═══ PROVIDED DATA ═══
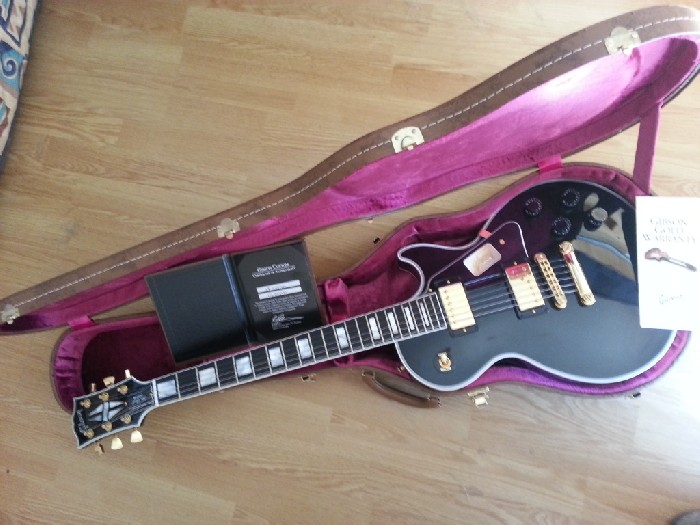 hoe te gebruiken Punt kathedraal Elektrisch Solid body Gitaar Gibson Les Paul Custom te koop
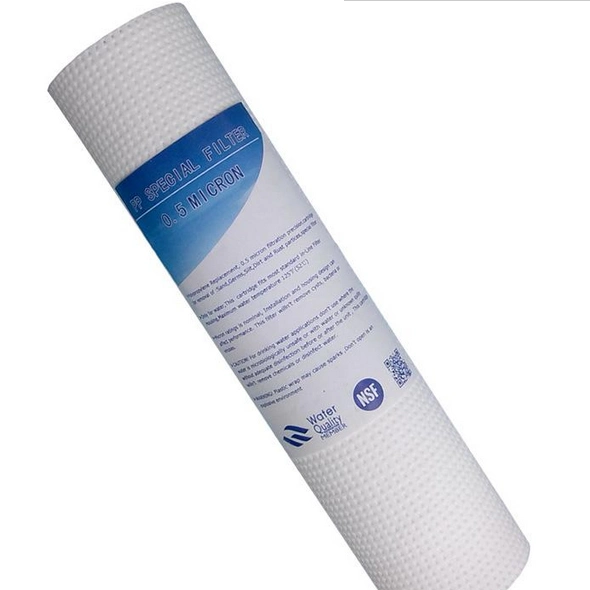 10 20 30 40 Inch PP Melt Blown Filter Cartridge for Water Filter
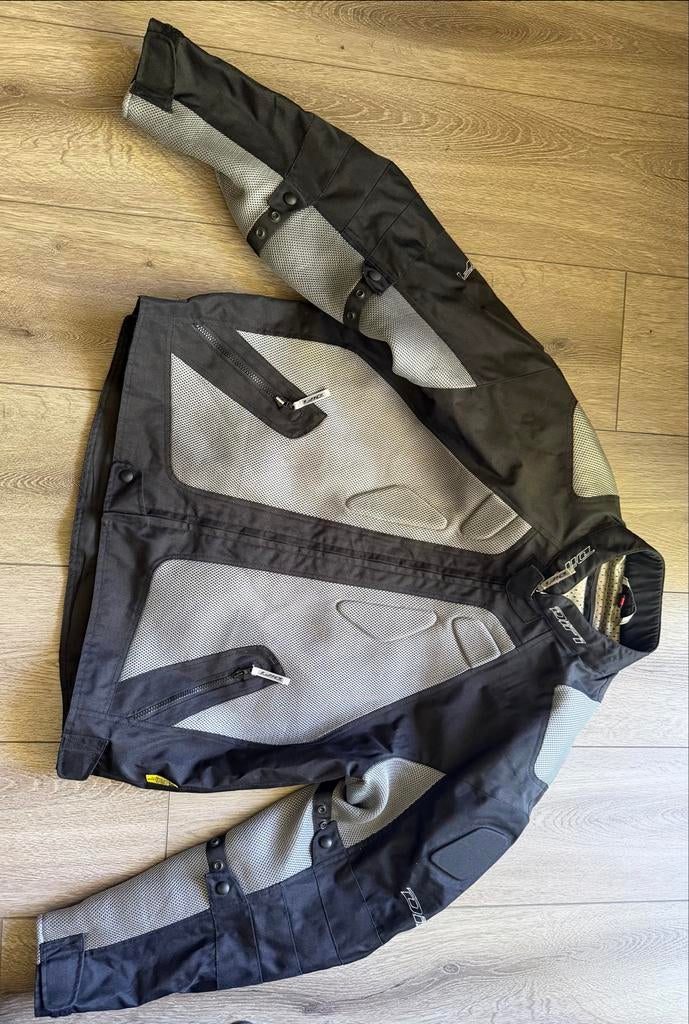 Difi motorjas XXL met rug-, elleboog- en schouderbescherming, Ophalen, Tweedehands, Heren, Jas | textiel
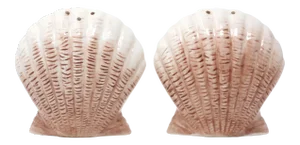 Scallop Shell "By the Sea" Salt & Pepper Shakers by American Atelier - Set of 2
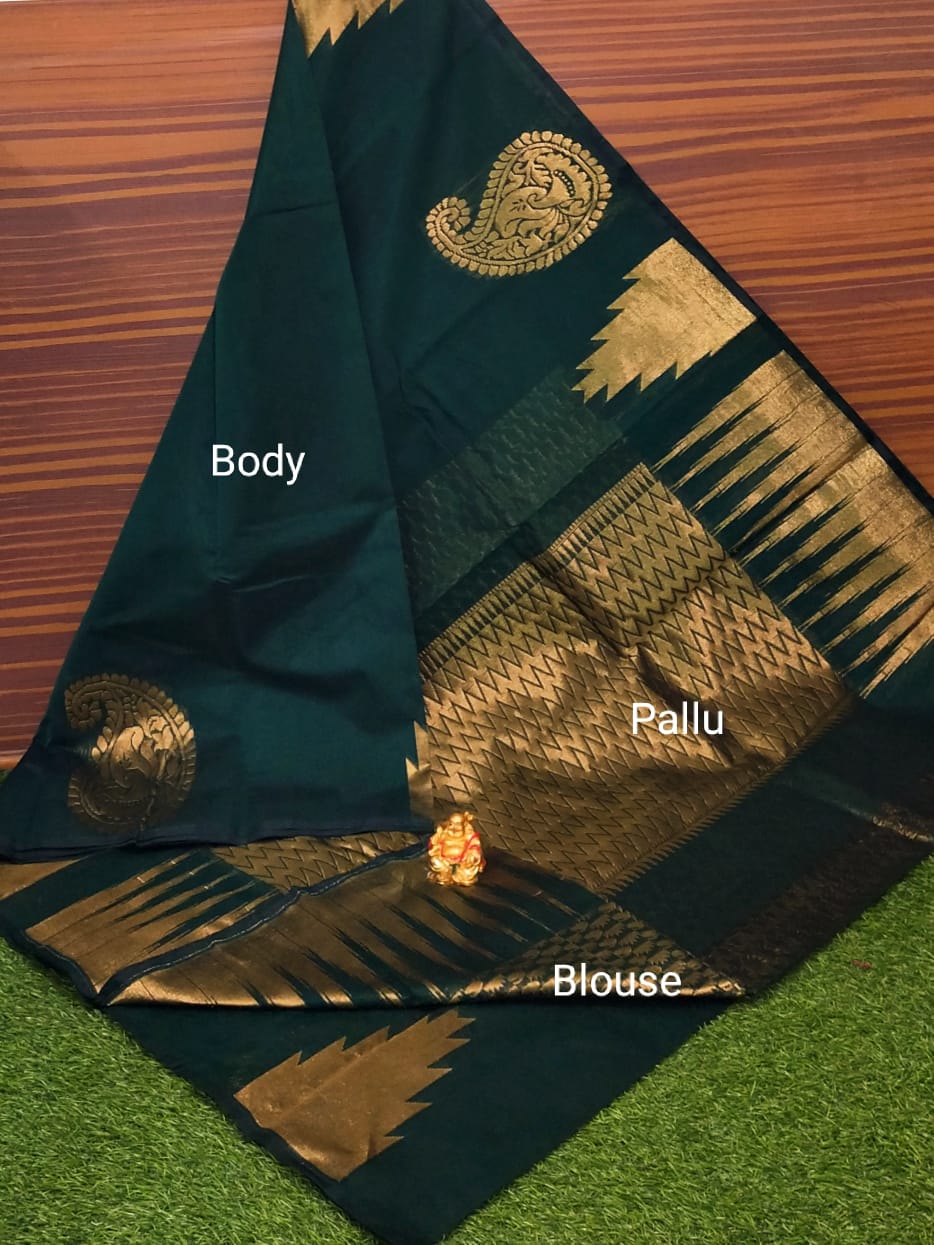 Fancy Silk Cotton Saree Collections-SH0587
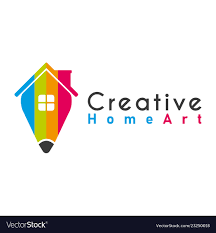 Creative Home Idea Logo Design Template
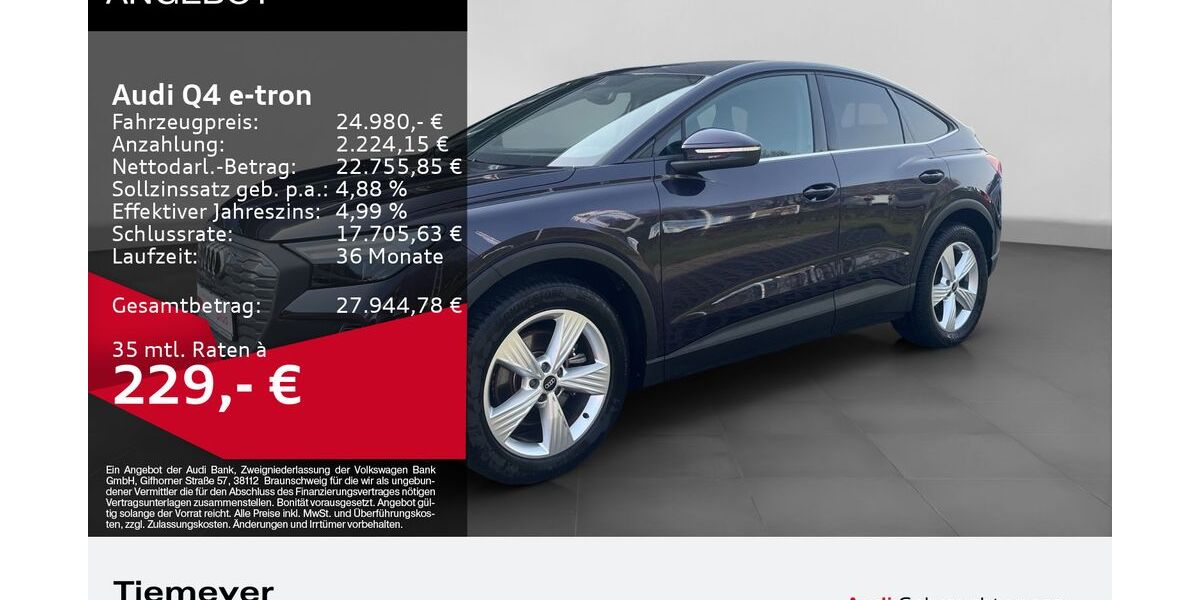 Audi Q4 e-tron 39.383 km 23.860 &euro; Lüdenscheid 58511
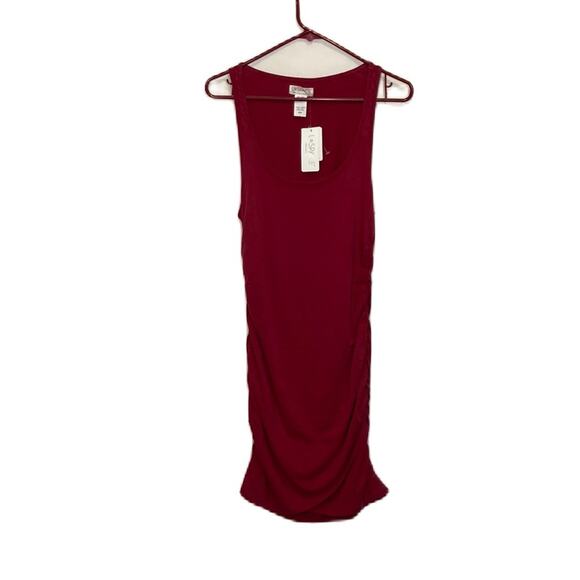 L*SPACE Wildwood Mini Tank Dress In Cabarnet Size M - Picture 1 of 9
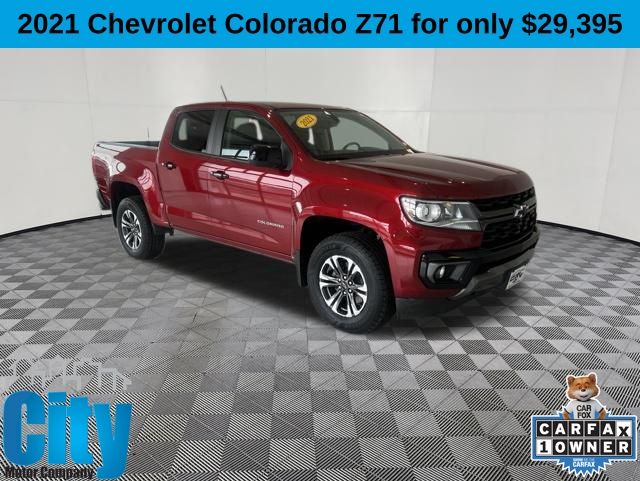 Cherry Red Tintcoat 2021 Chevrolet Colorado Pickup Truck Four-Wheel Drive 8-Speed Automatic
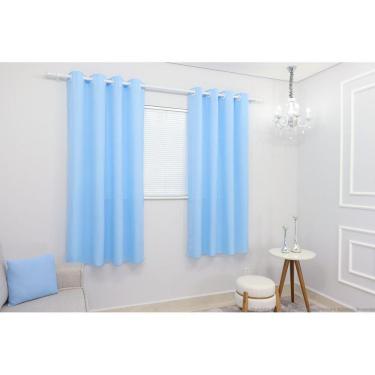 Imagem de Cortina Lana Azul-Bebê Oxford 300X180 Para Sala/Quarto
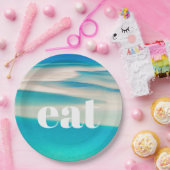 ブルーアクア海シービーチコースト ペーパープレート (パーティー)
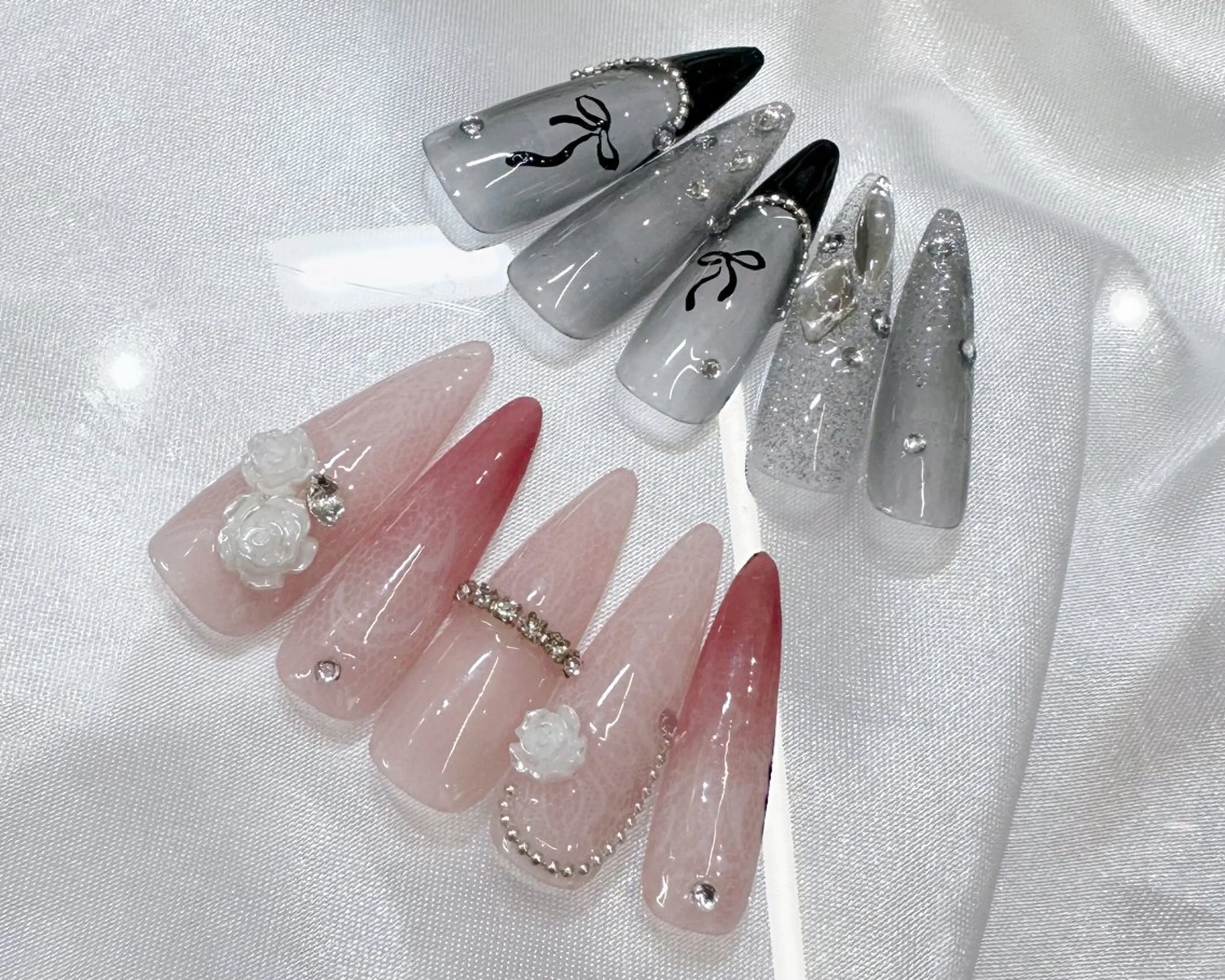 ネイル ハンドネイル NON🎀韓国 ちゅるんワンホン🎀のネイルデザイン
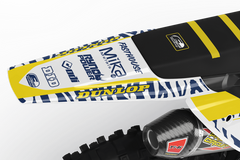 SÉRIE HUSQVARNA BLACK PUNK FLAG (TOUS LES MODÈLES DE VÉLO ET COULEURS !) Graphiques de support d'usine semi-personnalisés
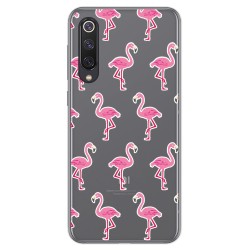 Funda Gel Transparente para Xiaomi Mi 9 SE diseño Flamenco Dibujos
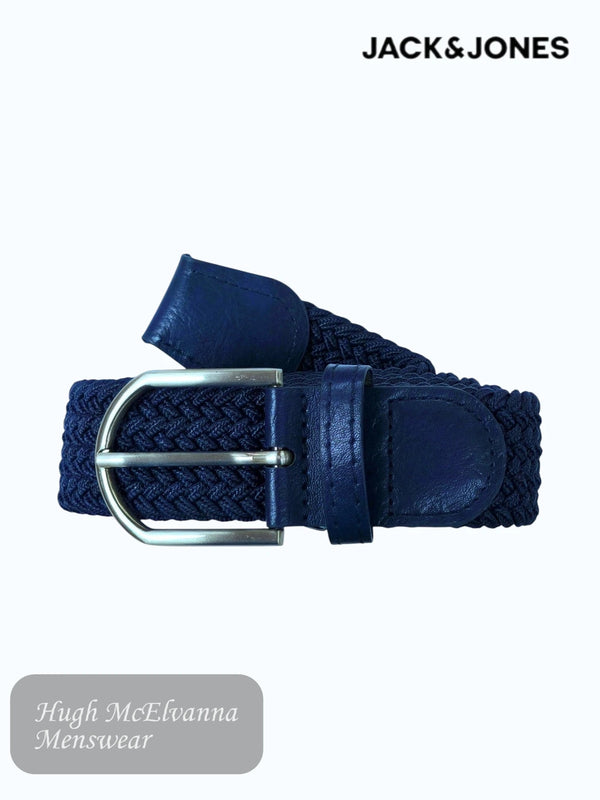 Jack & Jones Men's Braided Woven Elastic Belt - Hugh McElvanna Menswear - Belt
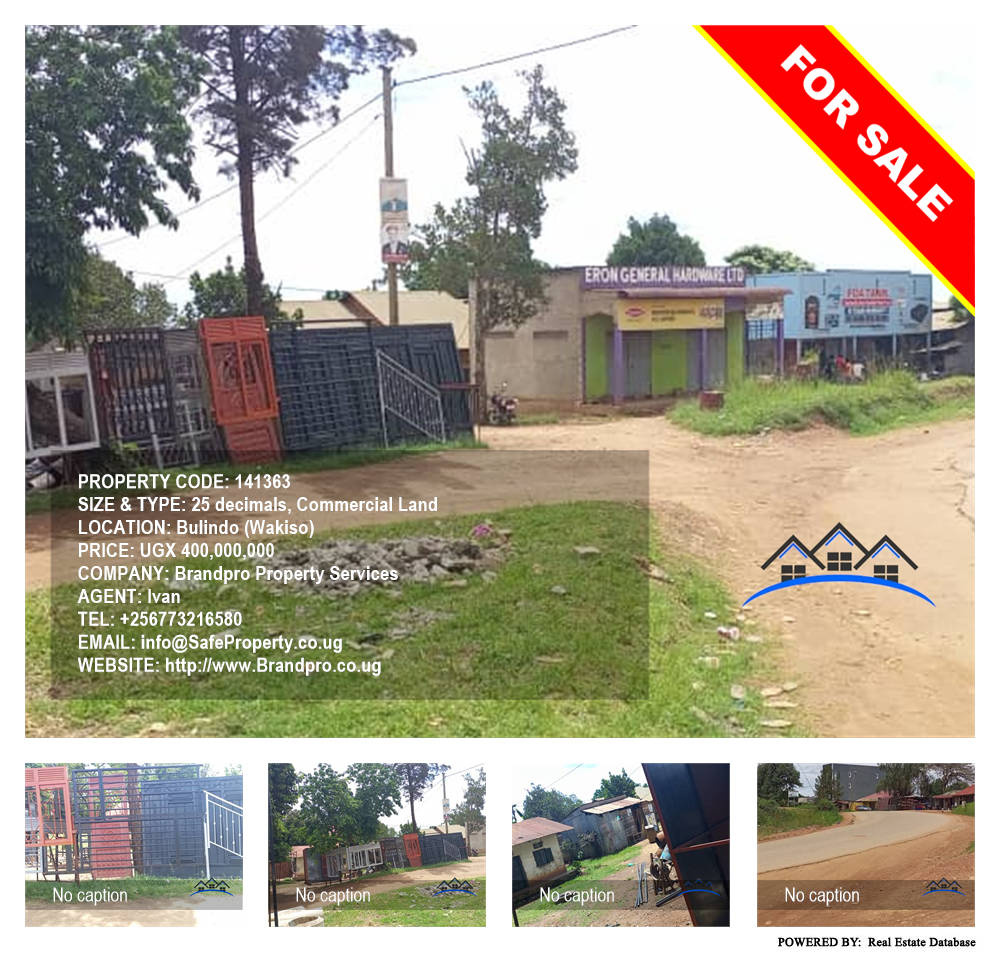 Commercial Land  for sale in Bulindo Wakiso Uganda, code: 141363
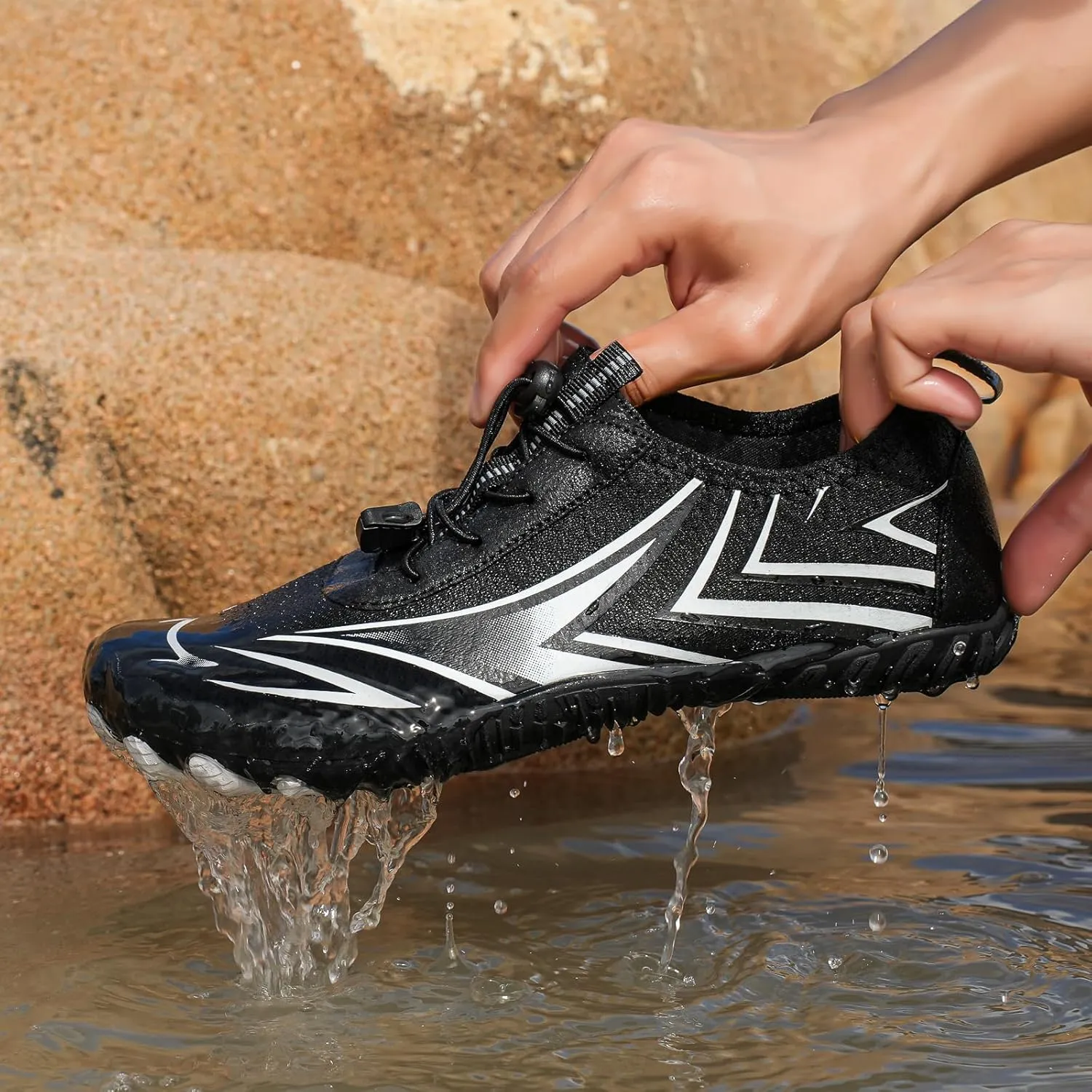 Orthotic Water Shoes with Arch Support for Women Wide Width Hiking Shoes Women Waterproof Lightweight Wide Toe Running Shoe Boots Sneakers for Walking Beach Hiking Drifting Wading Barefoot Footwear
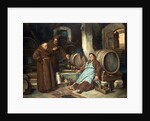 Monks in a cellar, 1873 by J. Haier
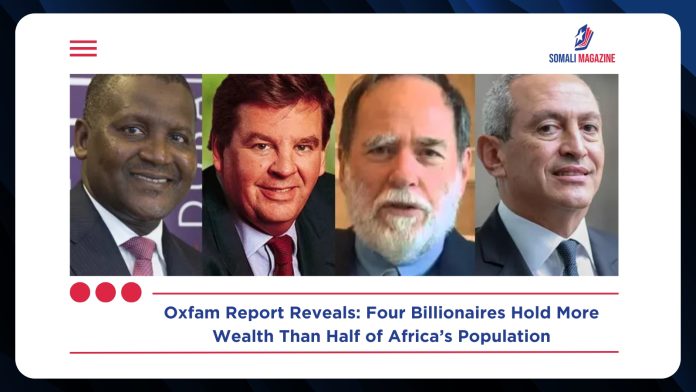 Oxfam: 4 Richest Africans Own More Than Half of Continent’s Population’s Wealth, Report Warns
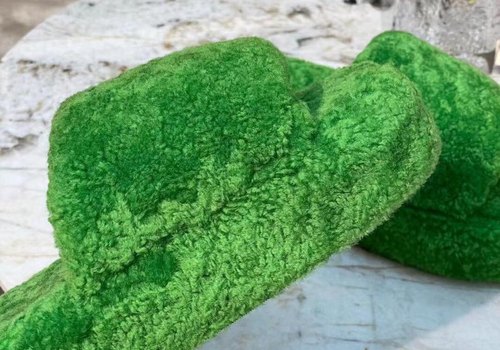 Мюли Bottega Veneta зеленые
═══
AIM OF THE TASK -
Taking the material above, give again exactly the lines from the one holding "Imagem de Cortina" through the one holding "Jack & Jones", with both ends and without pictures.

EXERCISE OUTPUT -
 Imagem de Cortina Lana Azul-Bebê Oxford 300X180 Para Sala/Quarto
 ブルーアクア海シービーチコースト ペーパープレート (パーティー)
 ネイル ハンドネイル NON🎀韓国 ちゅるんワンホン🎀のネイルデザイン
 SÉRIE HUSQVARNA BLACK PUNK FLAG (TOUS LES MODÈLES DE VÉLO ET COULEURS !) Graphiques de support d'usine semi-personnalisés
 Funda Gel Transparente para Xiaomi Mi 9 SE diseño Flamenco Dibujos
 Jack & Jones Men's Braided Woven Elastic Belt - Hugh McElvanna Menswear - Belt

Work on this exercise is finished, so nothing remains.